■ What you will do ■
Each line from the one with "Lieutenant Governor Manoj" through the final line of the entries below must be printed exactly, and the pictures must not be.

[[ Given data, beginning ]]

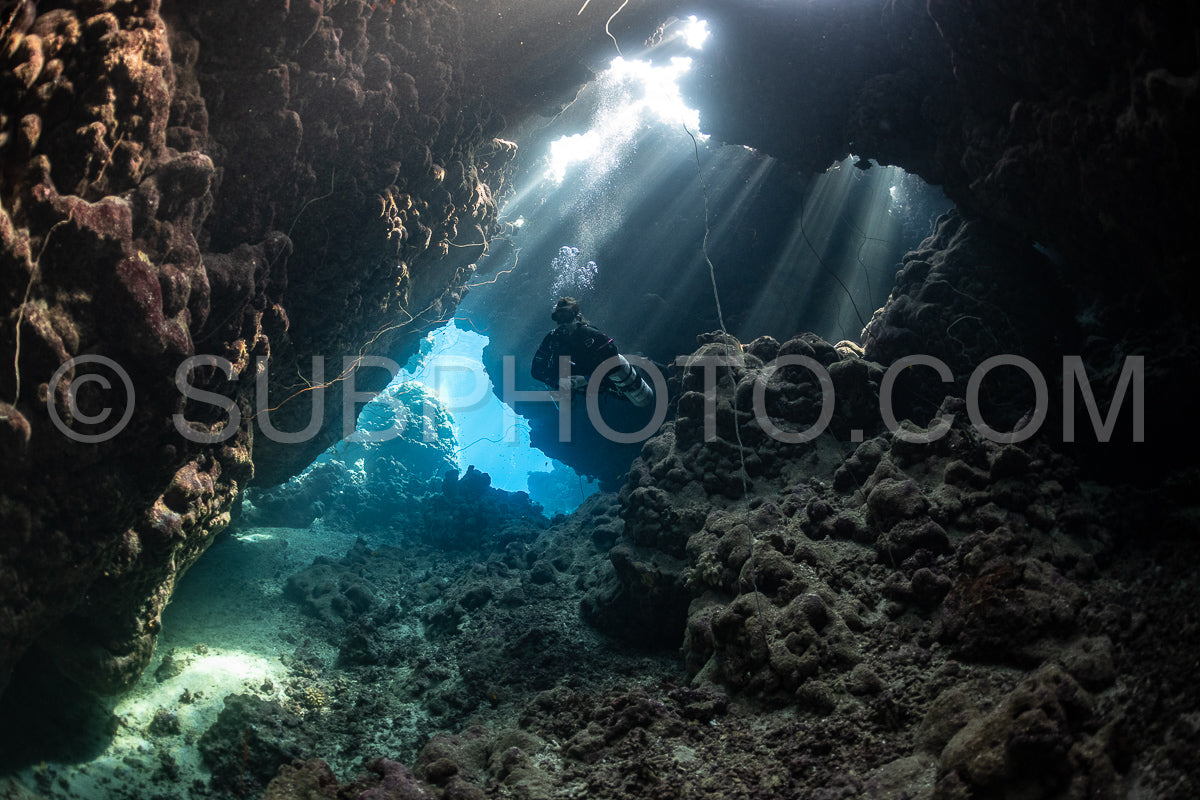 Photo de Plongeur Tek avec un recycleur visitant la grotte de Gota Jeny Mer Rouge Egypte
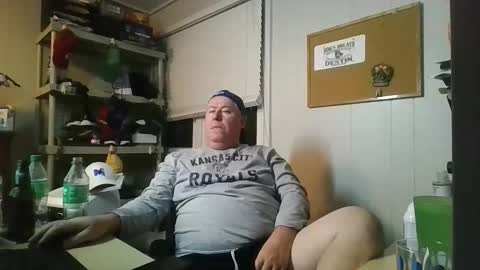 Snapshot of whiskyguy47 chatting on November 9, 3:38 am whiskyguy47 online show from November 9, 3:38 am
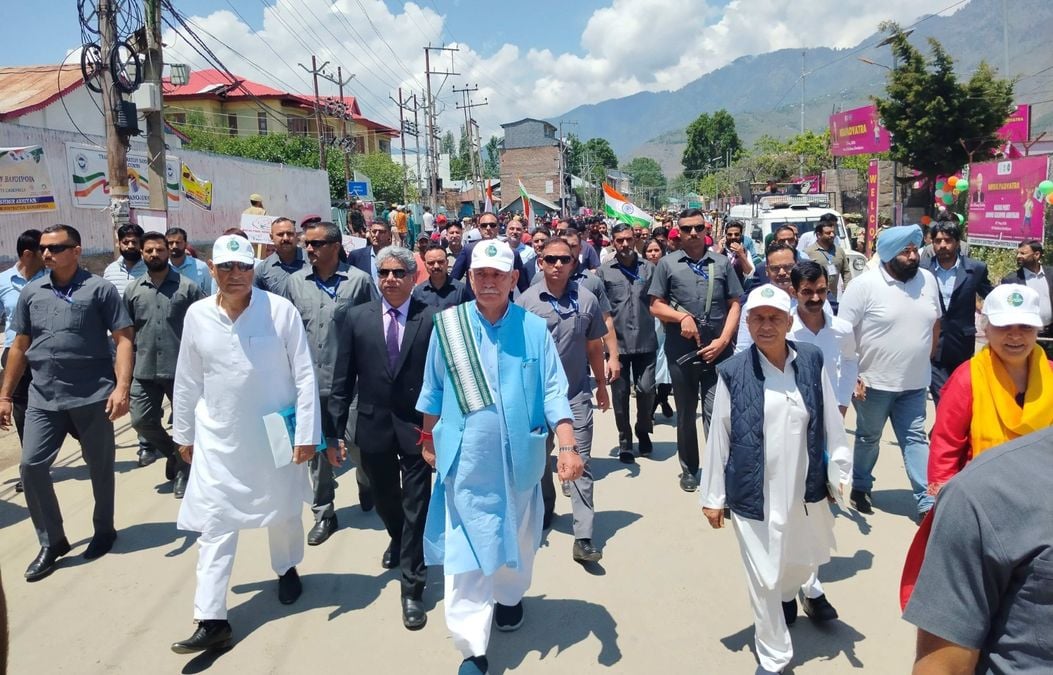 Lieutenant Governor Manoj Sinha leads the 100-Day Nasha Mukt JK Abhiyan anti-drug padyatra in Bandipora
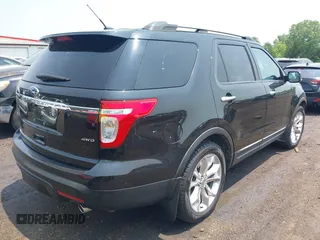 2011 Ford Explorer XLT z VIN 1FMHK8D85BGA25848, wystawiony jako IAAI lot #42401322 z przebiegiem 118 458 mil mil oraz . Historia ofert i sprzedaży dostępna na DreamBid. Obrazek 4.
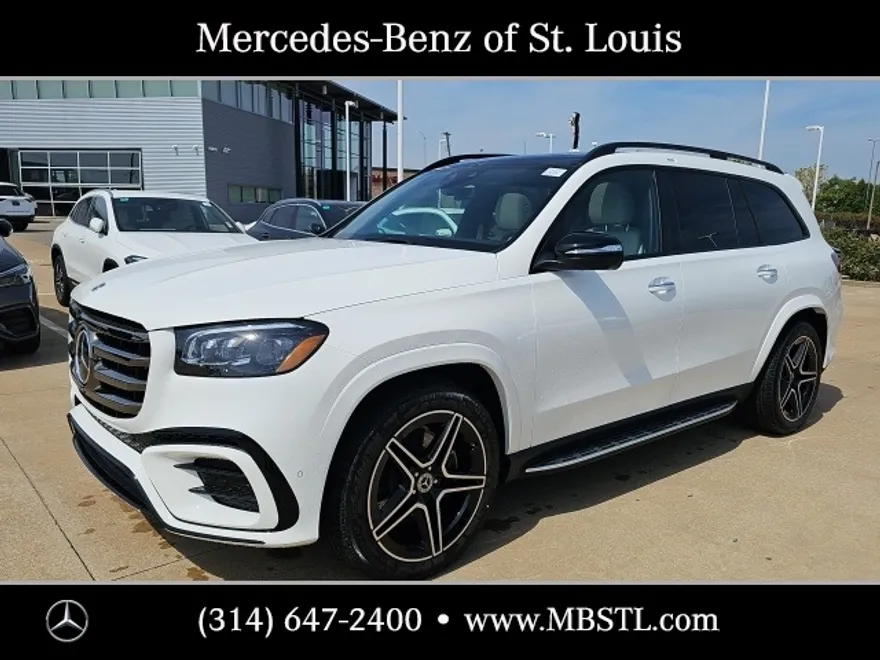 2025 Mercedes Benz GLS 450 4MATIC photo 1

[[ Given data, end ]]

■ Result ■
 Lieutenant Governor Manoj Sinha leads the 100-Day Nasha Mukt JK Abhiyan anti-drug padyatra in Bandipora
 2011 Ford Explorer XLT z VIN 1FMHK8D85BGA25848, wystawiony jako IAAI lot #42401322 z przebiegiem 118 458 mil mil oraz . Historia ofert i sprzedaży dostępna na DreamBid. Obrazek 4.
 2025 Mercedes Benz GLS 450 4MATIC photo 1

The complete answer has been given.